PROBLEM STATEMENT = What you produce should be an exact transcription of the data, minus any pictures.

(Short web captions)
=== Begin Enclosure ===

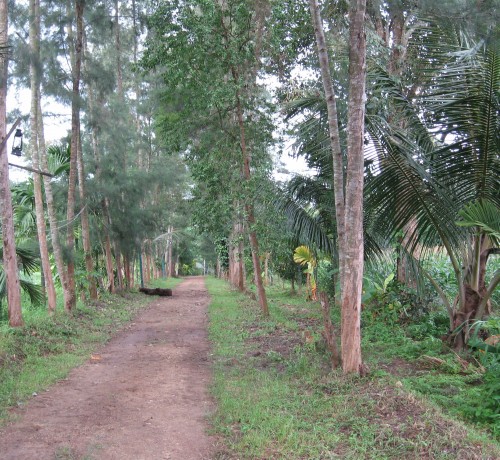 Way-to-tents Way-to-tents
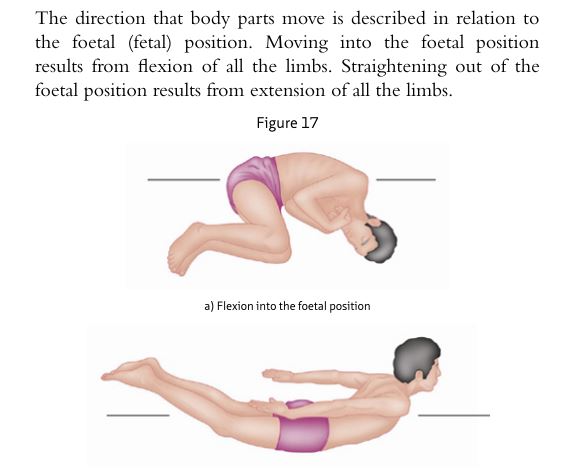 The Concise Book of Muscle by Chris Jarmey PDF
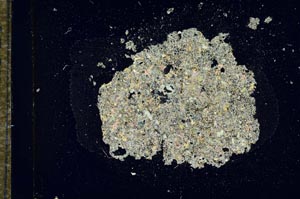 Cross Polarized, S15460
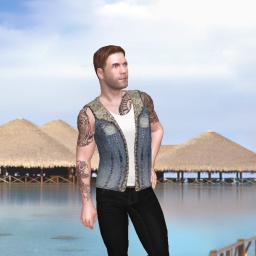 enjoy virtual sex games with mates like heterosexual emotional boy Djblind, America, 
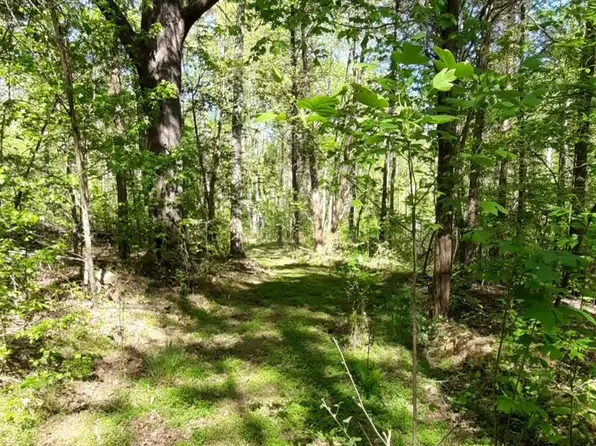 195 Atchison Rd, Camden, TN 38320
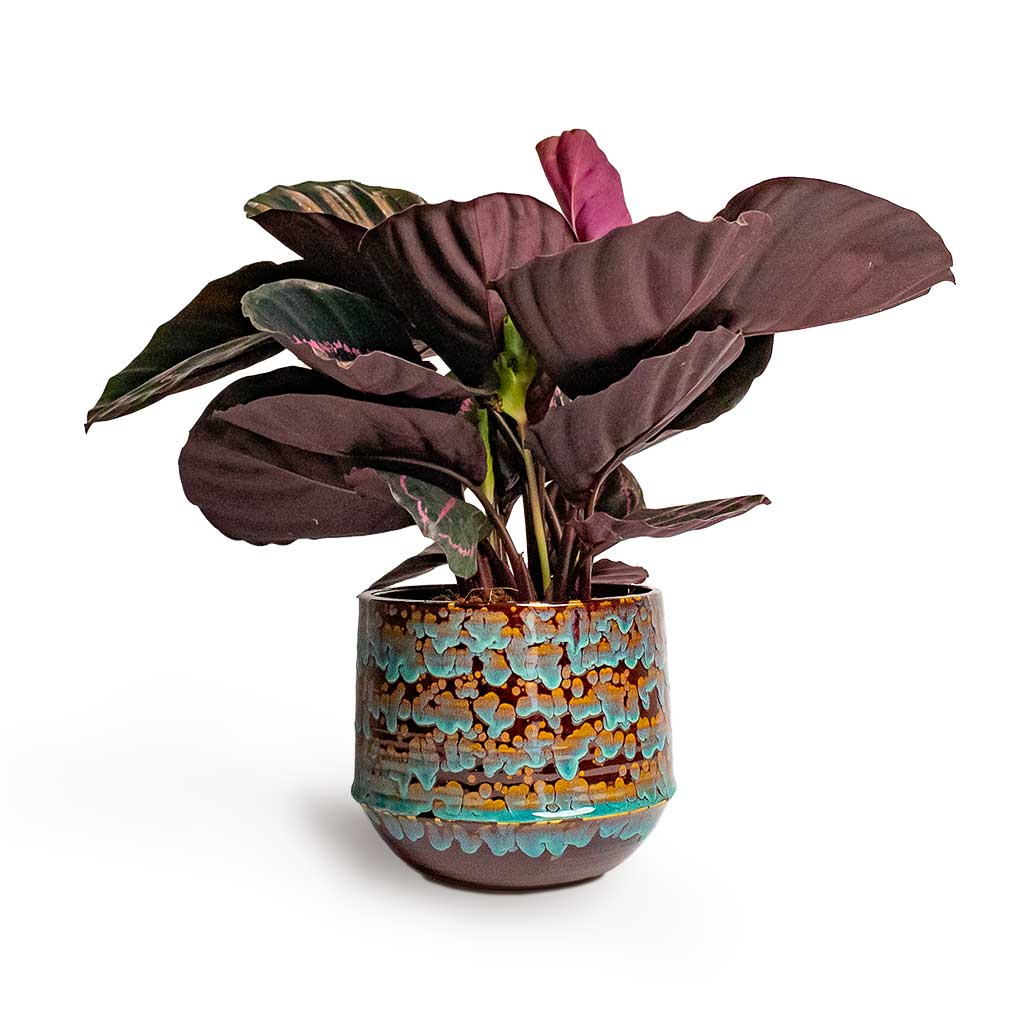 Calathea roseopicta Dottie Rose Painted Calathea & Noud Plant Pot Marrakesh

=== End Enclosure ===

RESPONSE TO THE EXERCISE =
 Way-to-tents Way-to-tents
 The Concise Book of Muscle by Chris Jarmey PDF
 Cross Polarized, S15460
 enjoy virtual sex games with mates like heterosexual emotional boy Djblind, America, 
 195 Atchison Rd, Camden, TN 38320
 Calathea roseopicta Dottie Rose Painted Calathea & Noud Plant Pot Marrakesh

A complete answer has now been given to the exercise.